*WHAT YOU ARE ASKED TO DO*: The answer is to contain only the line containing "düşünceli genç mimar veya mühendis" and the lines after it through the last one, each reproduced exactly as it appears below.

[Web page caption snippets]

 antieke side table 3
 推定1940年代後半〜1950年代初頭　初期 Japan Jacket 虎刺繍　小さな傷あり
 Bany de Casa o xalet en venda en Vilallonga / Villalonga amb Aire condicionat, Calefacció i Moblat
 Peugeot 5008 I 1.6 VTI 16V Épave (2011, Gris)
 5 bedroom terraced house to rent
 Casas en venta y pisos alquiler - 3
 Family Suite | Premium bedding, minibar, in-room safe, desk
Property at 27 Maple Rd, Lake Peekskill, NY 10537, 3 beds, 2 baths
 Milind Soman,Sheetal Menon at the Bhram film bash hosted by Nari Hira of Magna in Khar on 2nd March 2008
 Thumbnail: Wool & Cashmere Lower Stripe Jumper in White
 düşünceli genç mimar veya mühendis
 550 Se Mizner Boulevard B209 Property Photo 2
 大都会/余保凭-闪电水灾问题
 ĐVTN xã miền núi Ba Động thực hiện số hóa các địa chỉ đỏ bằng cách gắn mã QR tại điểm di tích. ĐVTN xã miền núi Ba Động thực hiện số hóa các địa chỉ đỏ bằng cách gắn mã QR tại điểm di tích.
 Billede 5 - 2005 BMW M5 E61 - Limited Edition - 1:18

*SOLUTION FOR THIS PROBLEM*:
 düşünceli genç mimar veya mühendis
 550 Se Mizner Boulevard B209 Property Photo 2
 大都会/余保凭-闪电水灾问题
 ĐVTN xã miền núi Ba Động thực hiện số hóa các địa chỉ đỏ bằng cách gắn mã QR tại điểm di tích. ĐVTN xã miền núi Ba Động thực hiện số hóa các địa chỉ đỏ bằng cách gắn mã QR tại điểm di tích.
 Billede 5 - 2005 BMW M5 E61 - Limited Edition - 1:18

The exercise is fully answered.